Problem description ▸
Start at the first line below and write out everything verbatim except the pictures.

Recorded data ▸
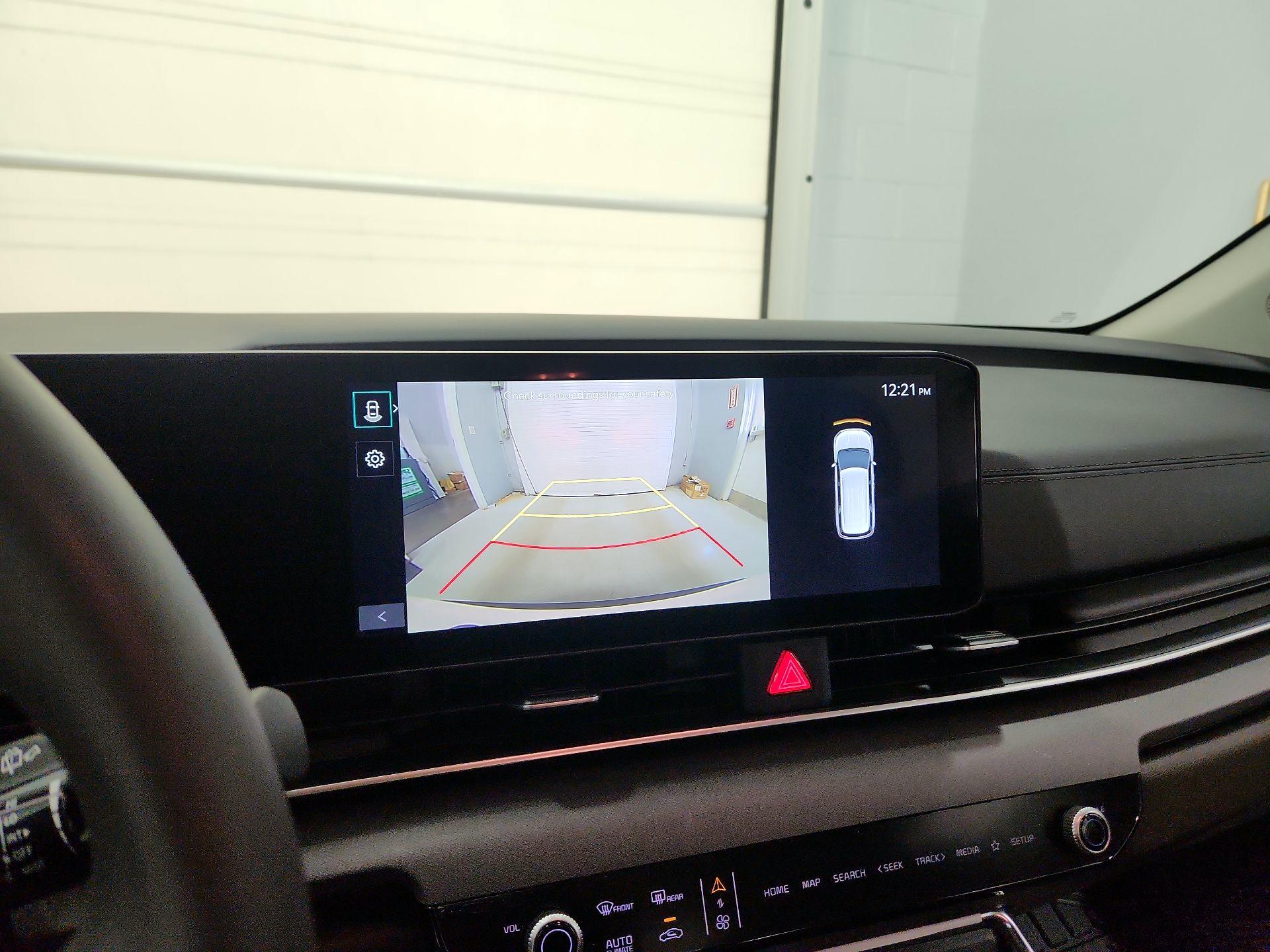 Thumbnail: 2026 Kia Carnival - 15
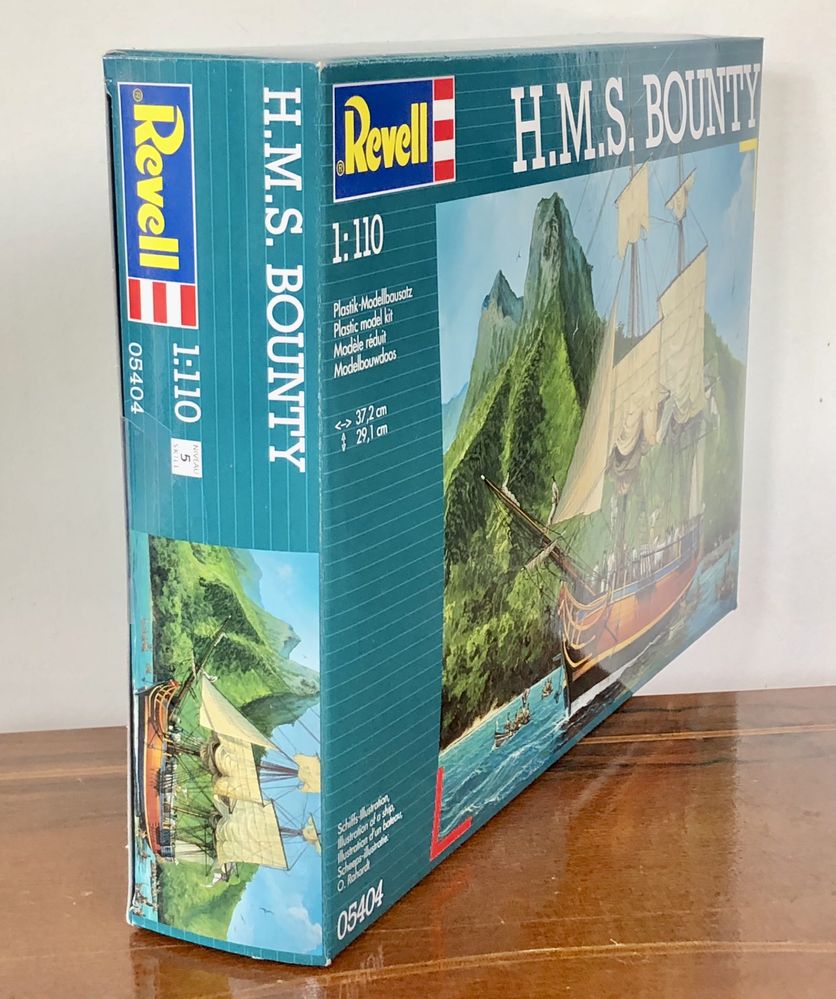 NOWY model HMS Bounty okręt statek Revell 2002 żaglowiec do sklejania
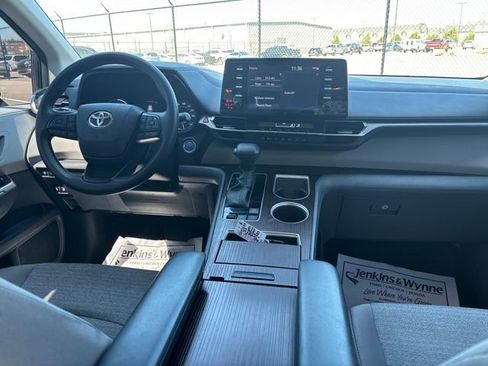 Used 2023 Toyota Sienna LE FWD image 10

Exercise output ▸
 Thumbnail: 2026 Kia Carnival - 15
 NOWY model HMS Bounty okręt statek Revell 2002 żaglowiec do sklejania
 Used 2023 Toyota Sienna LE FWD image 10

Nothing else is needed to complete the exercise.